Qubole (Ashish Thusoo, CEO and co-founder)
- Businesses will start making decisions in the moment. Companies want to personalize cross-channel experiences based on real-time information (that is, last five clicks of a mouse), not on day-old data from their Extract, Transform, Load (ETL) process. Beyond ecommerce, this means reducing the time it takes to complete the "data to insight to action" cycle. Using real-time or near real-time data, which is only a few seconds behind, is one of the biggest ways to speed that cycle up. This will dramatically improve personalization for customers, leading to increased conversion rates and ultimately revenue. Businesses will spot and react to trends faster, iterate and quickly outpace the competition and subsequently "leave them in the dust" when responding to data in the moment.
- Spark will kill Map Reduce, but save Hadoop. Map Reduce is quite esoteric. Its slow, batch nature and high level of complexity can make it unattractive for many enterprises. Spark, because of its speed, is much more natural, mathematical, and convenient for programmers. Spark will reinvigorate Hadoop, and in 2016, nine out of every 10 projects on Hadoop will be Spark-related projects.
Redis Labs Inc. (Leena Josh, vice president, Product Marketing)
- IoT and the cloud -- with the ever increasing amount of data produced through connected environments and apps, the need for Big Data and analytics is just getting more and more pronounced. As this market transitions to the mainstream, there is a need to simplify the process of unlocking Big Data insights. Cloud-based Big Data services are driving a lot of this, and increasingly making Big Data accessible in a simplified manner to the mainstream market. This trend will keep accelerating. We will also see an increased focus on vertical analytical applications in industries, such as the healthcare sector, that will further simplify the usage of Big Data and its overall adoption.
- In 2016, more businesses will see that customer success is a data job. Companies that are not capitalizing on data analytics will start to go out of business, and the enterprise will realize that the key to staying in business and growing the business is data refinement and predictive analytics. The combination of social data, mobile apps, CRM records and purchase histories via advanced analytics platforms allow marketers a glimpse into the future by bringing hidden patterns and valuable insights on current and future buying behaviors into light.

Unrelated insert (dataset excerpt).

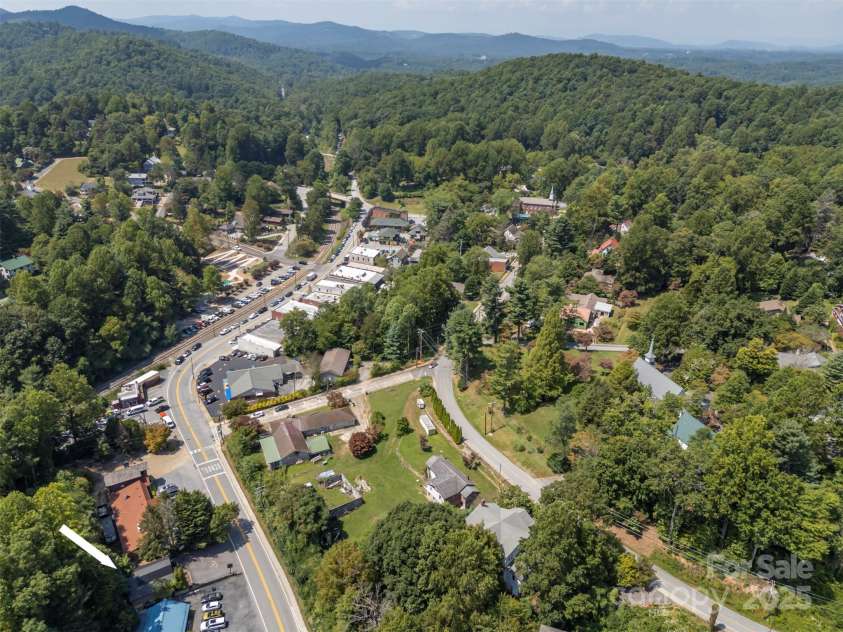 172 formerly 153 Main Street, Saluda, NC 28773.  MLS# CAR4225037, YatesRealty ID 1048. View of the building relative to historic Main St.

In 2016, businesses will increasingly leverage these insights to make sure that their current and future products and services meet customer needs and expectations.

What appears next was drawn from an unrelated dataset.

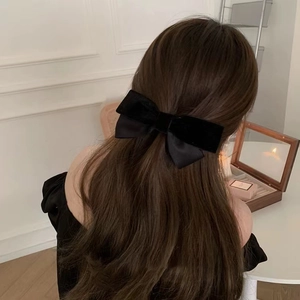 Detail of a large black velvet bow hair clip with ribbons on long brown hair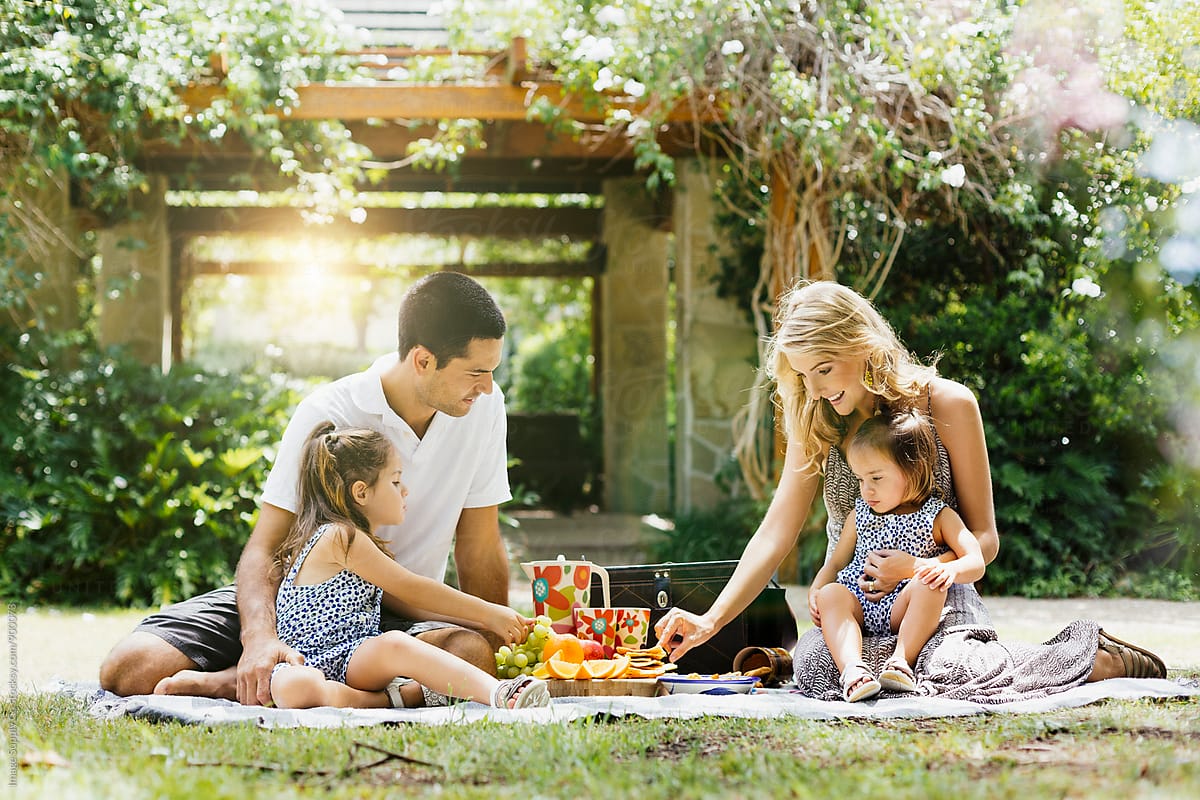 Young Couple Having A Picnic With Their Two Daughters By Image Supply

- Organizations will opt for database technologies that can provide analytics at the same speed as their main business -- that can not only process large volumes of transactions at extremely low latencies, but also allow for in-memory analysis and instantaneous decision-making.
- Analysis of extremely large datasets will now move to memory, enabled by cost efficient persistent memory technologies such as Non Volatile Memory Express (NVMe), Storage Class Memory (SCM) and 3D Cross Point (3DXPoint).
- IoT data sources will need databases that can handle and persist millions of inserts per second, that process time series data with very low latencies and that can support hybrid on-premises to cloud processing seamlessly.